OKAY SPOILERS DONE. ❤
Now, with Corruption, I’ve realized the antithesis to Metroid’s “You found an item! But we won’t tell you what it is or anything about it! Hope you have the manual!” dynamic. It’s being strapped to a chair while some random medic explains your nifty new suit, along with every minute element of timing, its lore, and “you might’ve seen this before,” before walking you through a guided tour of how to activate and use it. It was almost enough to make me quit right there, but no, that came just a little later when I realized (or remembered) just how fragmented the world was.

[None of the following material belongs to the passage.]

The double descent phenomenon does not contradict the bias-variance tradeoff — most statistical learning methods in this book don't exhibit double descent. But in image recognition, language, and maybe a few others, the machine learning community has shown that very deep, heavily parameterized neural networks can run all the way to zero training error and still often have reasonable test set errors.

Elevators didn’t connect everything, you had to fly around to other planets and landing sites. It just made the whole experience feel empty and disjointed.
I understand that a great many Wii games were released with the motion controls in mind; this was a brand new way to play and enjoy games. As a game, I think Corruption would be fine. It’s novel, it’s actiony, and it’s intuitive. But as a Metroid game, it falls flat, unable to stand up next to what makes the other games, its predecessors and the main chronology, so effective. Exposition simply is not the saga’s strong point, at least not when it’s delivered like this. Fool me once, shame on me. Fool me twice…well, we’ll see.